Saturday, June 14, 2014

This was going to be the year Democrats won Shelby County. It still is, but it used to be, too.

"In learned helplessness studies, an animal is repeatedly exposed to an aversive stimulus which it cannot escape. Eventually, the animal stops trying to avoid the stimulus and behaves as if it is helpless to change the situation. When opportunities to escape become available, learned helplessness means the animal does not take any action." [Wikipedia]
Right now, there is little reason to think that election night 2014 is going to be any kind of celebration for Shelby County Democrats. So far this election season we've had three arrests, an utter debacle over judicial endorsements, and an angry, racially-charged outburst that comes fresh on the heels of a long, contentious fight over the school system that divided the county largely along racial lines. We also have a chronically absent state senator who is most notable for her own venomous outburst against the state's nurses.

This dismal state of affairs is nothing new. After long years of scandals, indictments, federal investigations, and simple bad behavior, political shame and embarrassment have become as familiar to us as August humidity and Elvis Presley. We've grown used to it. There is a powerful sense in the air that this is just the way things are in Memphis and Shelby County, and that this is the way things are always going to be for the foreseeable future. We are mired in a swamp of political depression. There is, however, a light at the end of this particular tunnel.

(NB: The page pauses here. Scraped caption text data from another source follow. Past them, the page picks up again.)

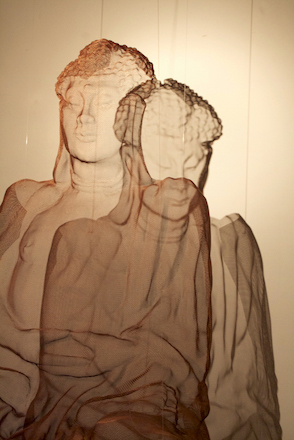 buddha in wire mesh david begbie
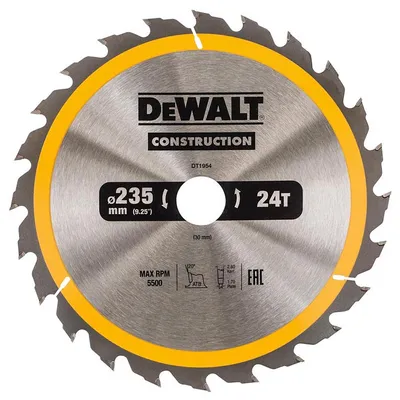 Диск циркулярен за рязане DeWALT на дърво грубо с HM пластини 235 мм, 30 мм, 24 z, Construction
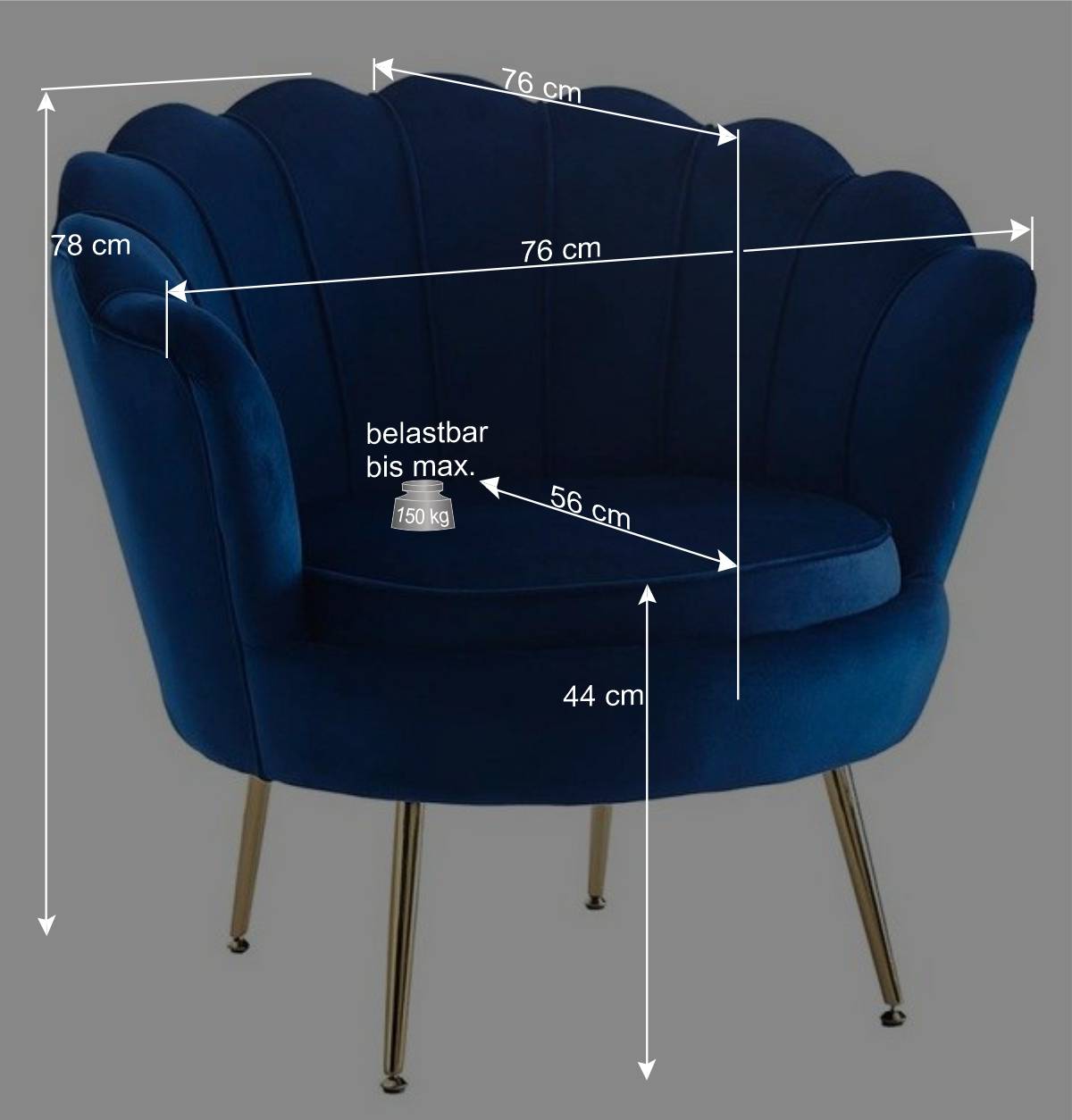 Muschel Design Sessel in Blau Samtbezug - Dotagon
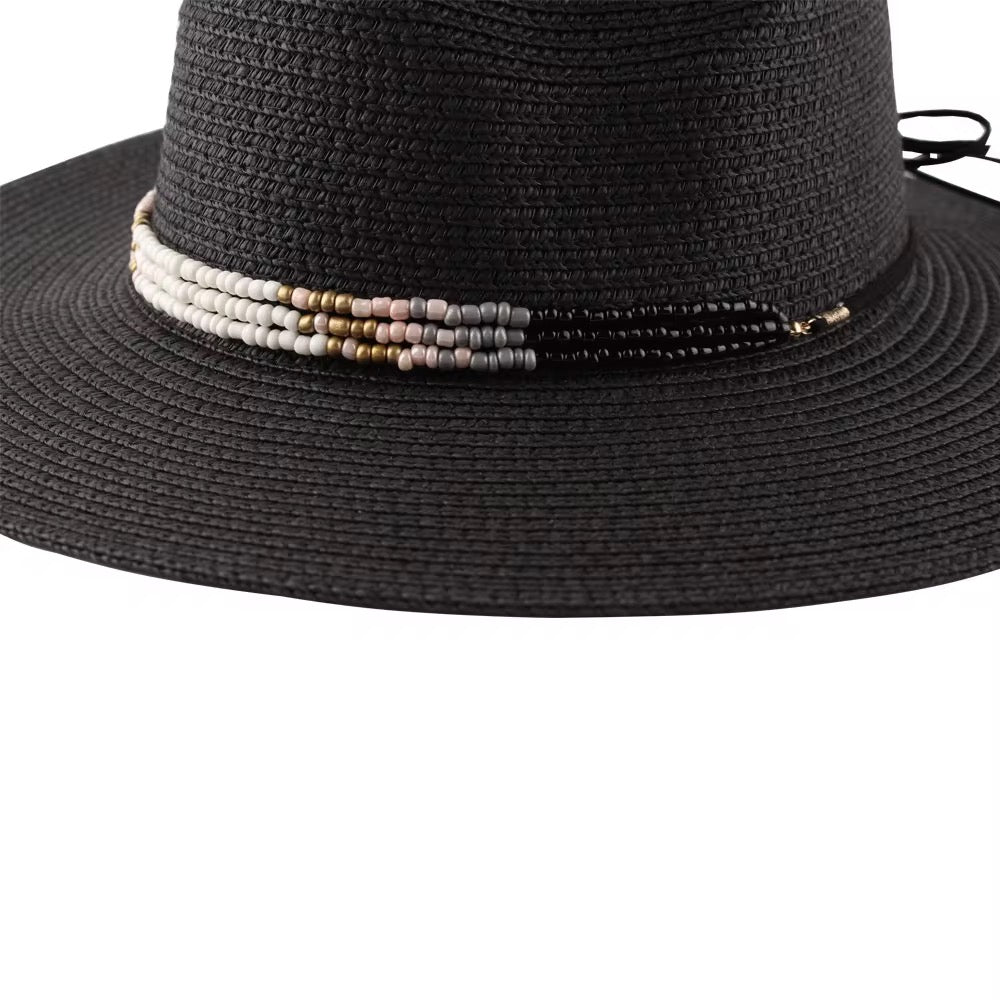 Beyond Straw Fedora Hat-Black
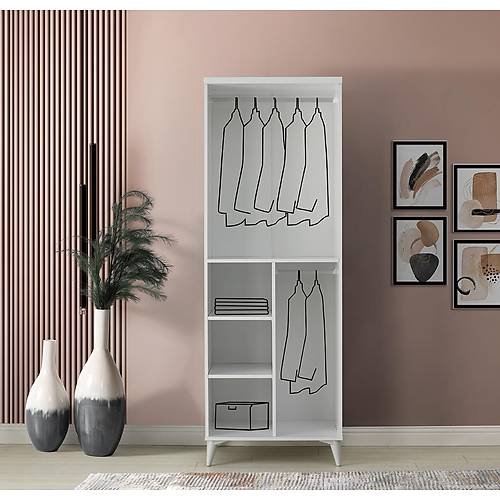 Seronay Lavin 2 Kapakl� Beyaz Gard�rop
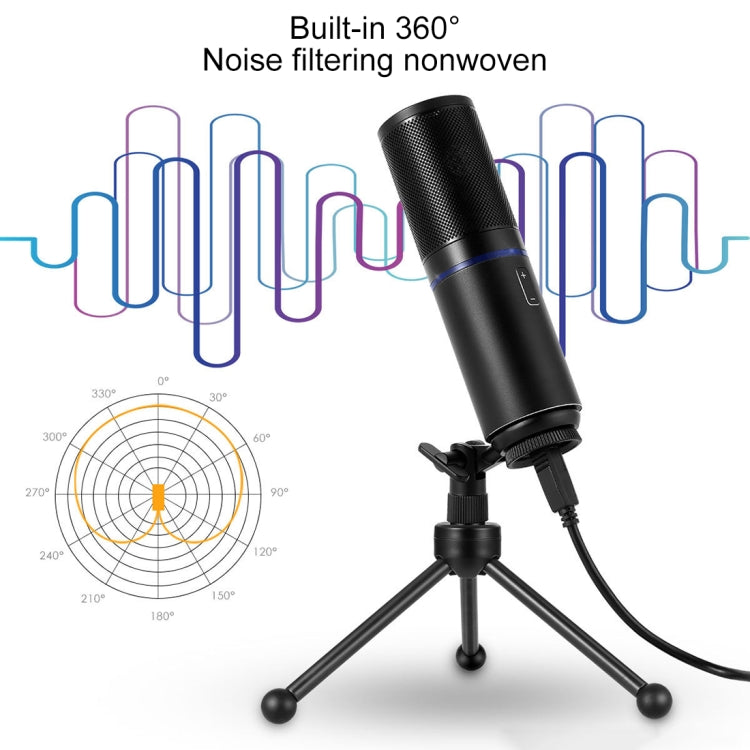 Yanmai Q9 Professional Condenser Sound Recording Microphone with Tripod Holder & USB Cable , Cable Length: 1.8m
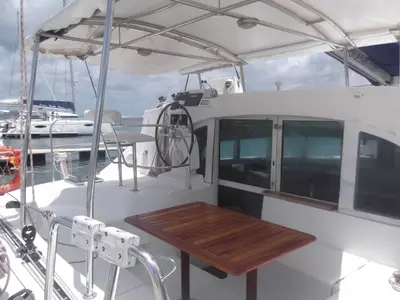 Cockpit of Magnifique, a Lagoon 380 catamaran at Cienfuegos, Cuba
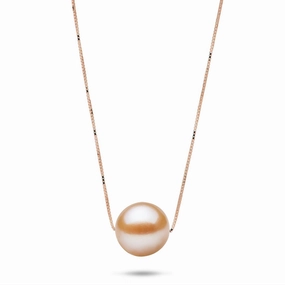 Premium Shine Gloss Shine 16-18" Adjustable Peach Freshwater Pearl Necklace in Rose Gold - 9-10mm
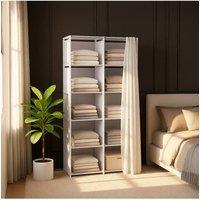 Living and Home Multi-tier Portable Wardrobe Storage Shelf with Curtain in White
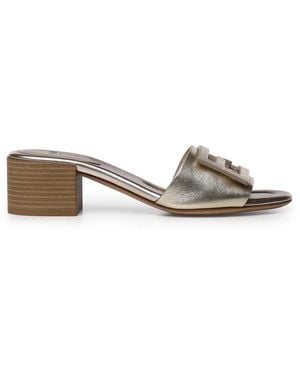 Fendi Heeled Mules - Yellow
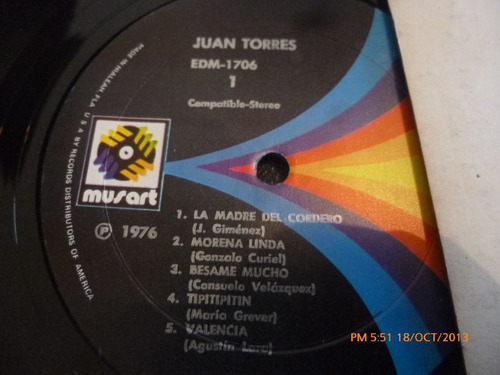 Vinilo Lp De Juan Torres Para Esos Momentos (xx44 (Usado)
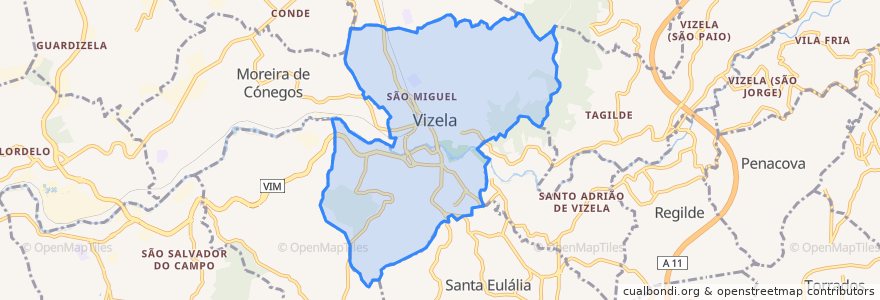 Mapa de ubicacion de Caldas de Vizela (São Miguel e São João).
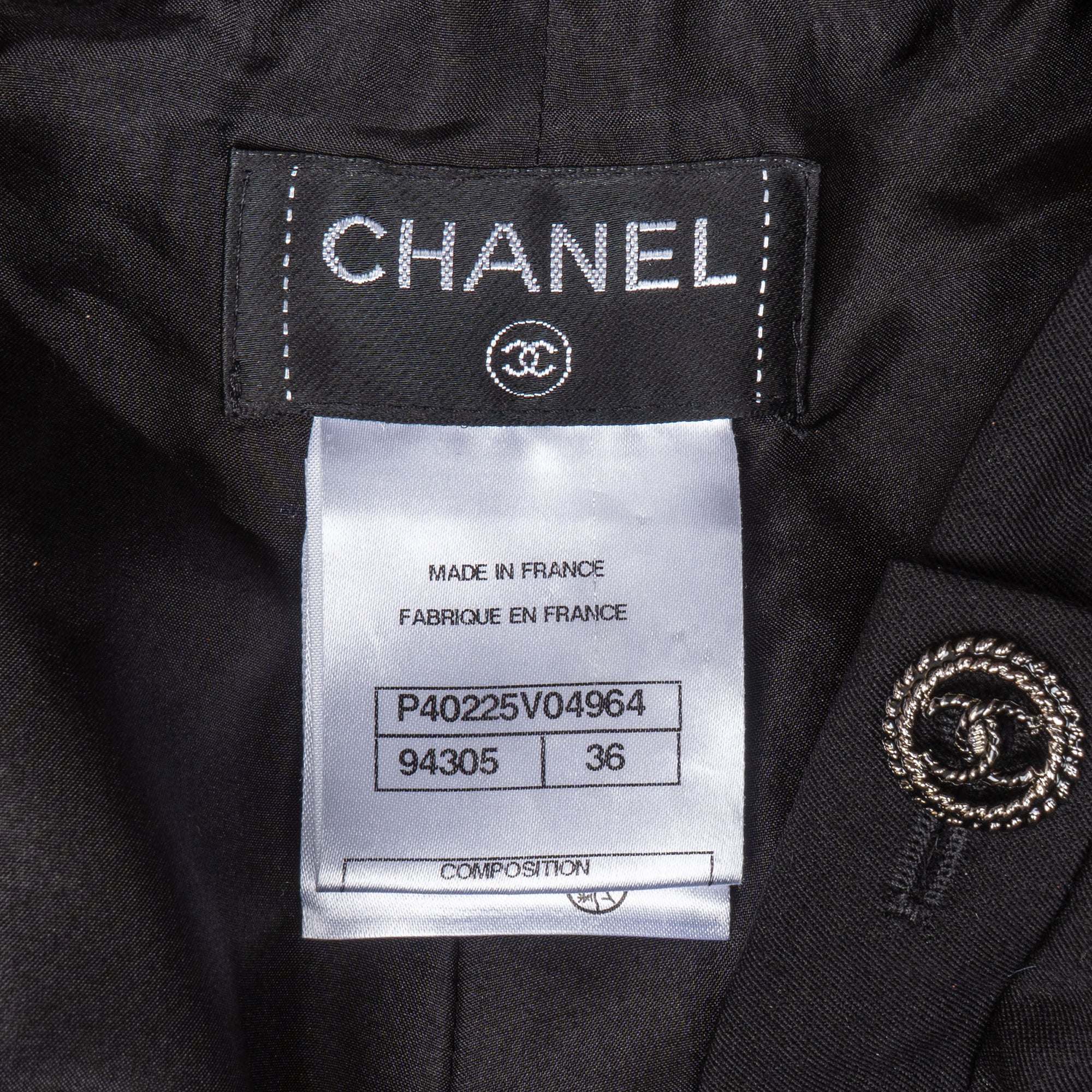 Chanel Noir Wool Pants (D 34 / FR 36) - vintageandkickz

When I worked in Steve Cohen's office in Washington, DC, the GOP had just taken control of the House the year previous and I had an opportunity to see what a functioning Democratic Party looks like while under siege. I had a front row seat to Anthony Weiner's resignation, and as an intern I even helped his staff clean out his office. As the congressman's press assistant, I received all House Democratic press releases and talking points and learned the various ways the Minority Leader keeps her members in line and on message. As a member of his staff I got to see firsthand how a truly skilled politician behaves and treats his constituents, and as part of his political team I learned how it is possible to consistently run up the electoral scoreboard in victories that make the word "landslide" seem like an understatement. All of the problems which currently plague the SCDP have a solution, and it is the national party, not the state party, to which we must look for examples.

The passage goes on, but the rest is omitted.